[SOURCE DATA]
⟨

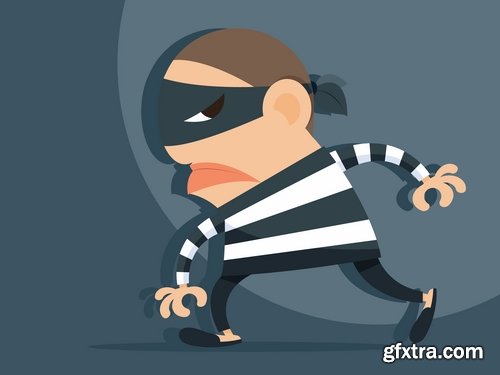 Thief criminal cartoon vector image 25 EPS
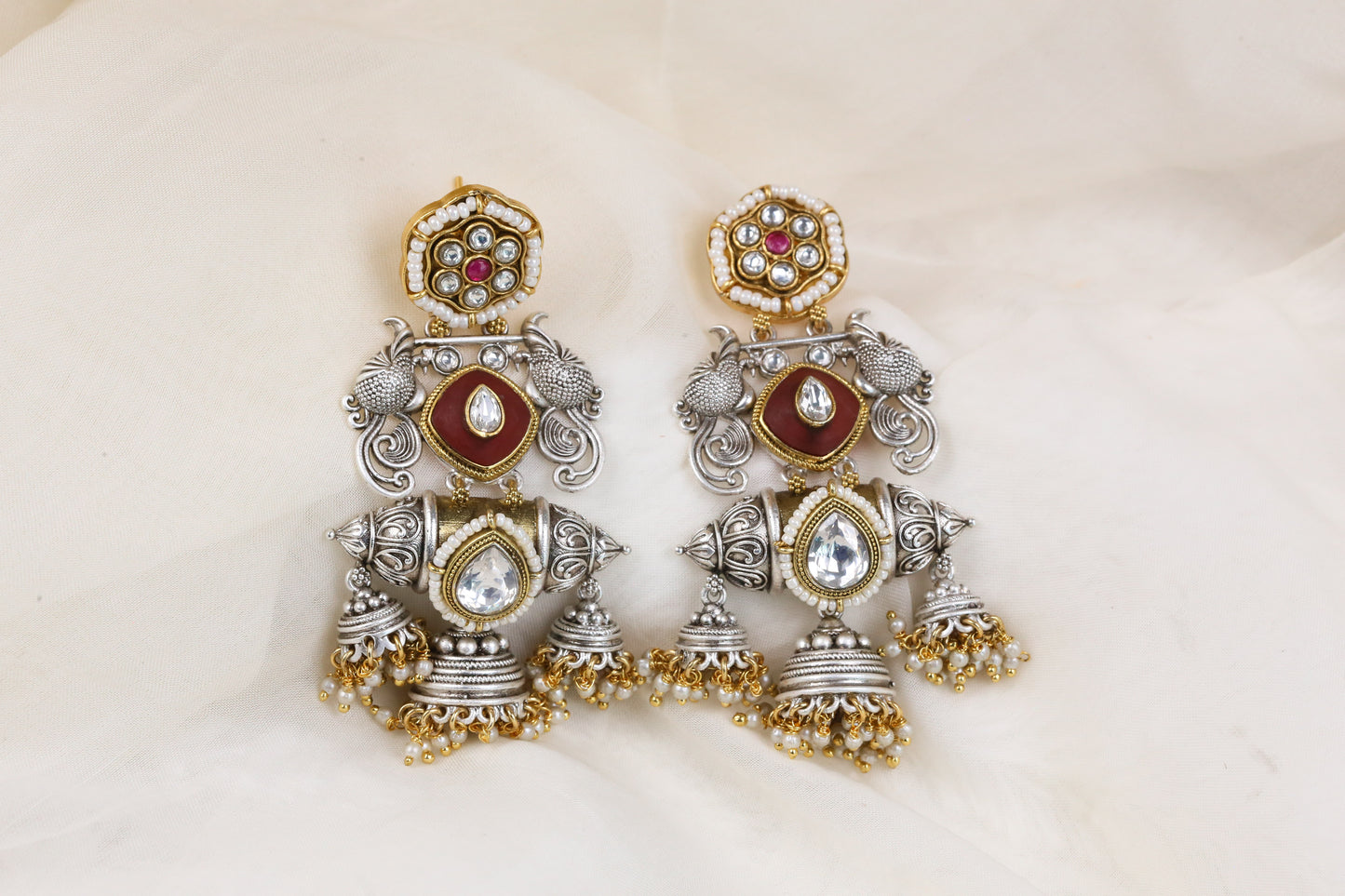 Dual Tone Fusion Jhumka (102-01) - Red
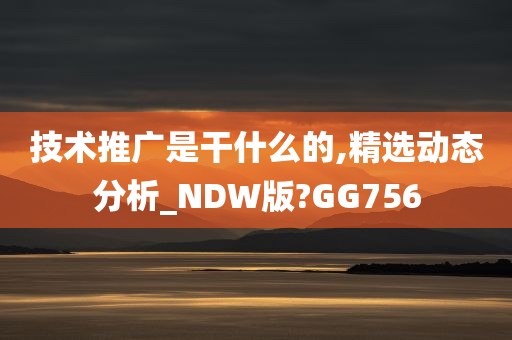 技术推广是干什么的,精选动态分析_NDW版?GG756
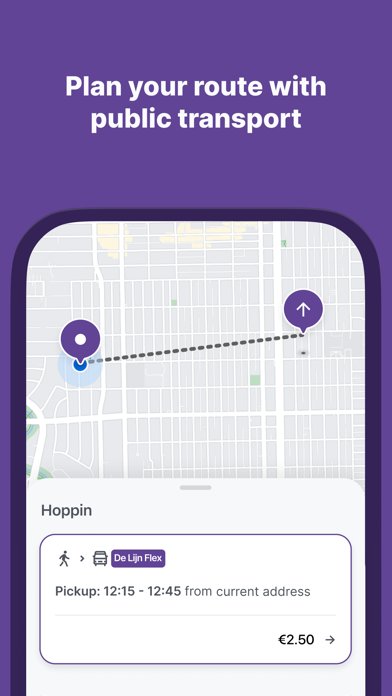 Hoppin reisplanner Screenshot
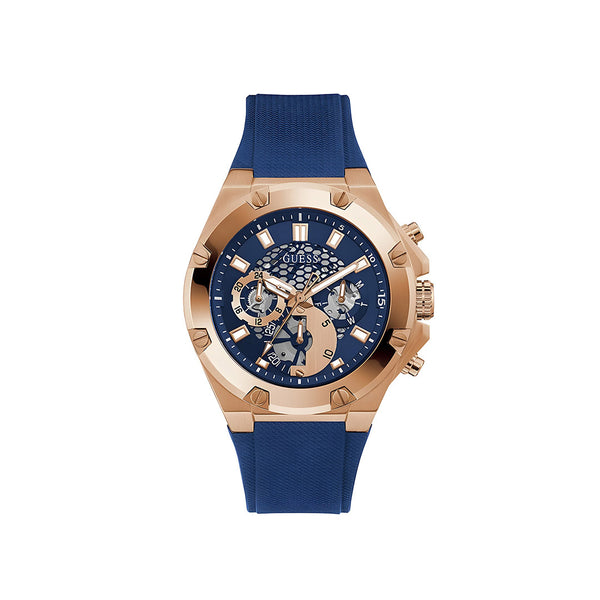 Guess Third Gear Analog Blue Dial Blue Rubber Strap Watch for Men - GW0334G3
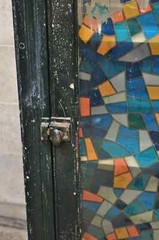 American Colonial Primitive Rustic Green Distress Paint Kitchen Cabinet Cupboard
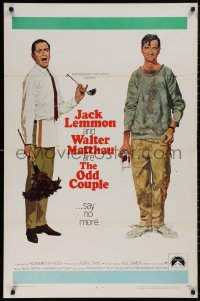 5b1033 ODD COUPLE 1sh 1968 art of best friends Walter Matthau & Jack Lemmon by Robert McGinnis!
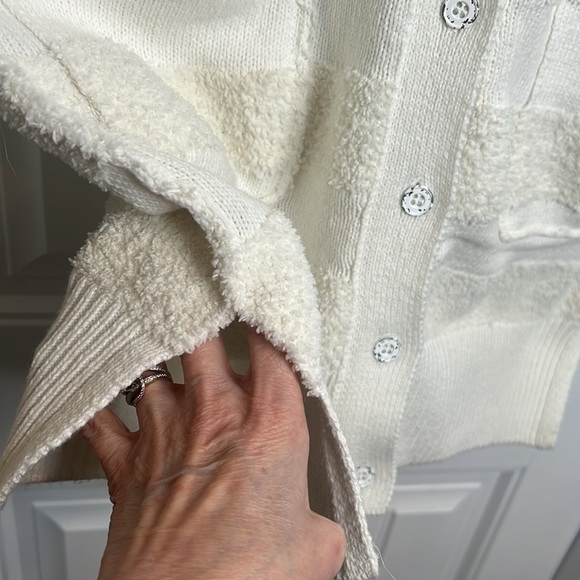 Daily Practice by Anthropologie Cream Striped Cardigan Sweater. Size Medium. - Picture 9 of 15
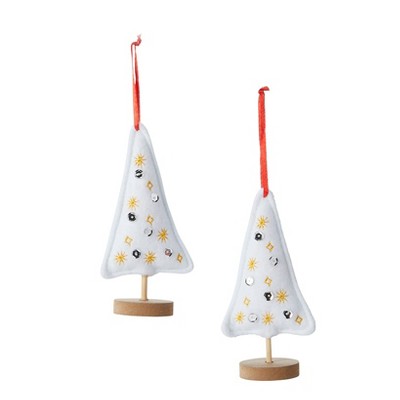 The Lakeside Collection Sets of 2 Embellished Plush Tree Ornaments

⟩
⟨

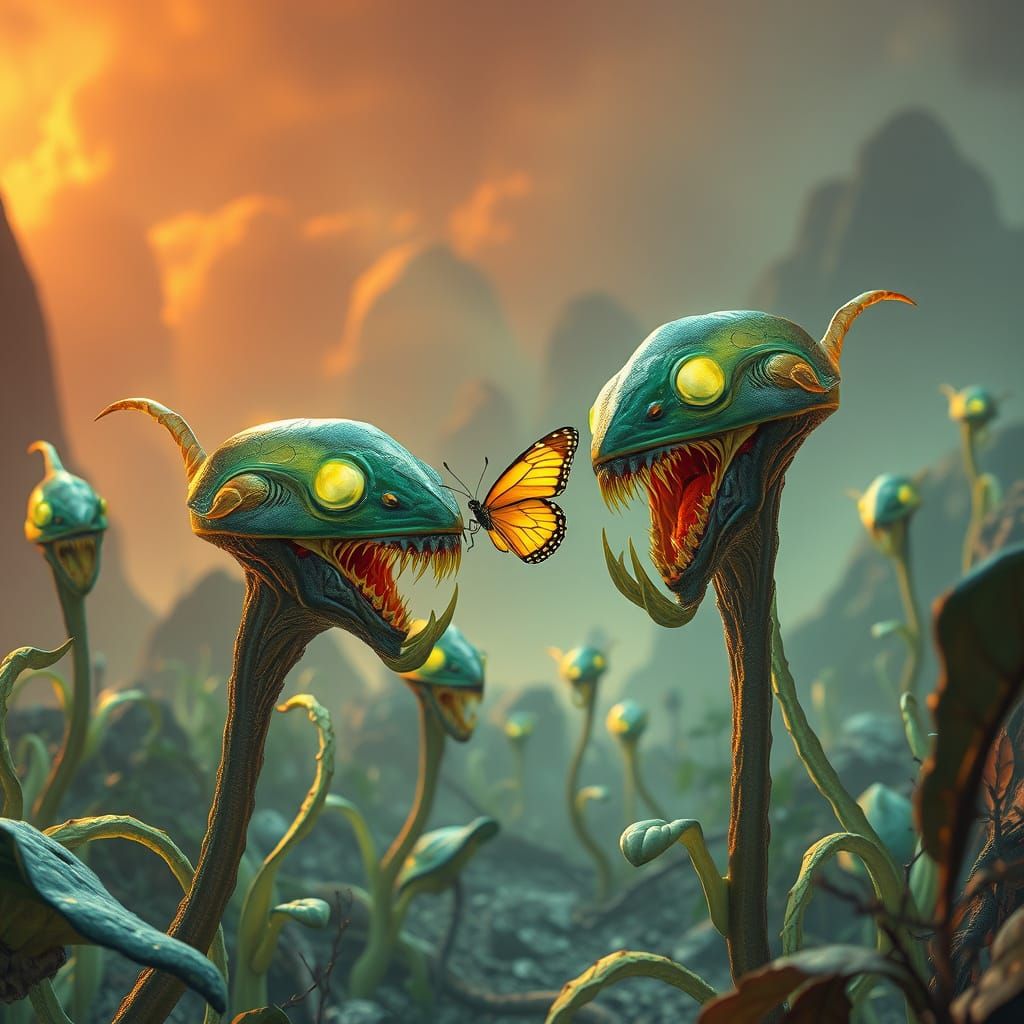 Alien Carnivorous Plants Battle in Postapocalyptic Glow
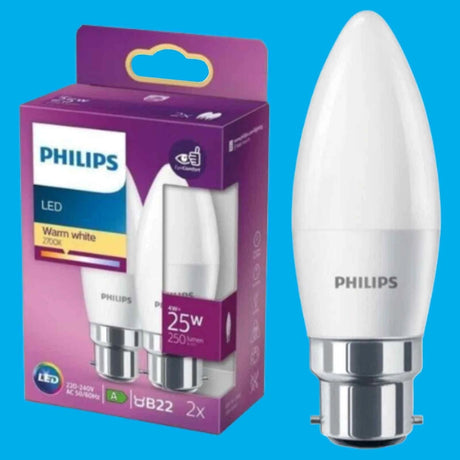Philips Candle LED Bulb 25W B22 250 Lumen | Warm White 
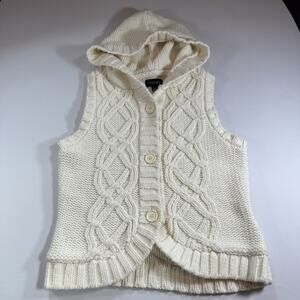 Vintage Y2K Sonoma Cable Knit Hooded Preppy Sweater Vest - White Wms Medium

⟩
⟨

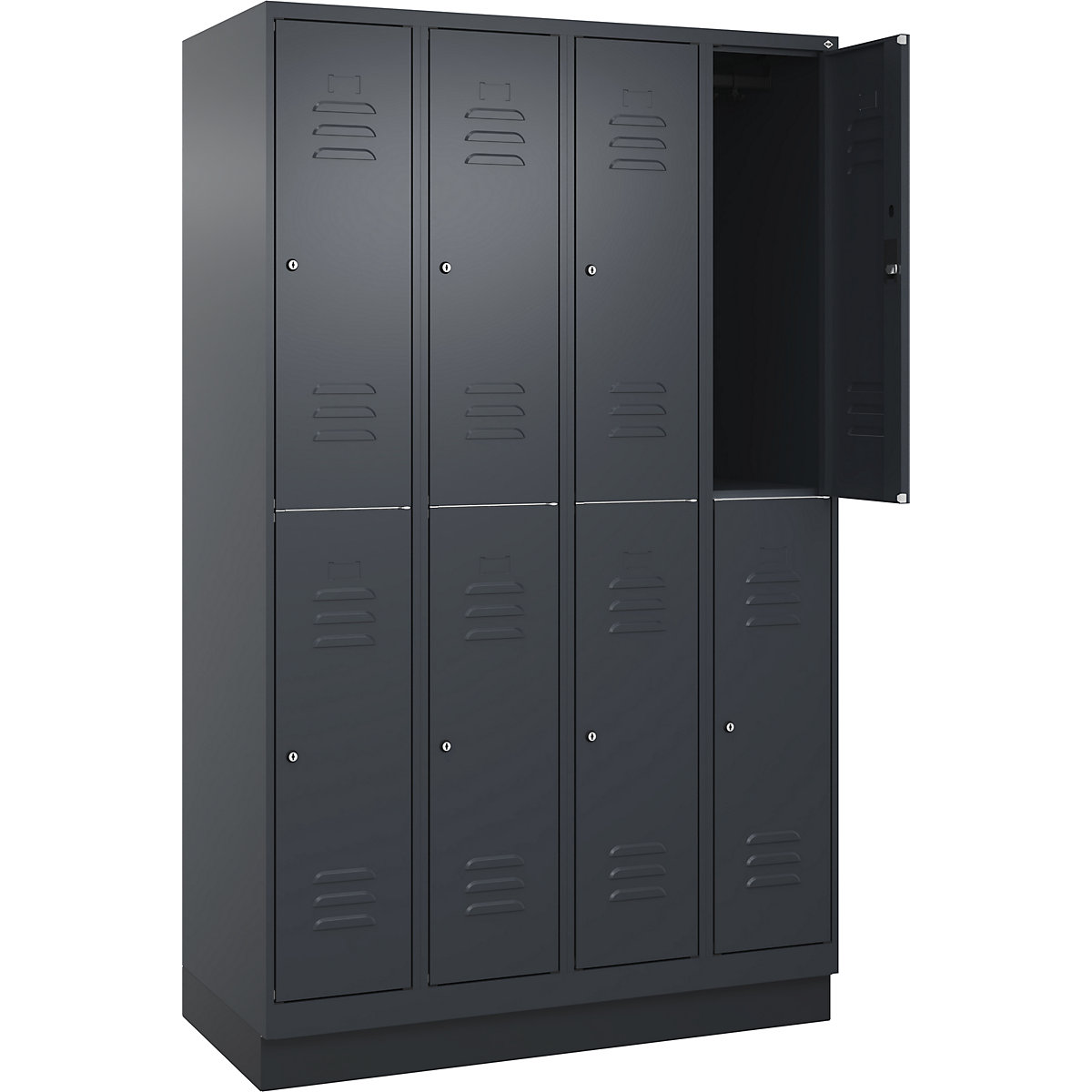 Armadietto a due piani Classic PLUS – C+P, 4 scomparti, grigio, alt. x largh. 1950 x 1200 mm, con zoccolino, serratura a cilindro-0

⟩

Exercise for the records above: copy only the lines from the one with "Hoppin reisplanner Screenshot" to the one with "The Lakeside Collection", both ends kept, and drop the pictures.

[EXPECTED ANSWER]
 Hoppin reisplanner Screenshot
 Guess Third Gear Analog Blue Dial Blue Rubber Strap Watch for Men - GW0334G3
 American Colonial Primitive Rustic Green Distress Paint Kitchen Cabinet Cupboard
 5b1033 ODD COUPLE 1sh 1968 art of best friends Walter Matthau & Jack Lemmon by Robert McGinnis!
 Daily Practice by Anthropologie Cream Striped Cardigan Sweater. Size Medium. - Picture 9 of 15
 The Lakeside Collection Sets of 2 Embellished Plush Tree Ornaments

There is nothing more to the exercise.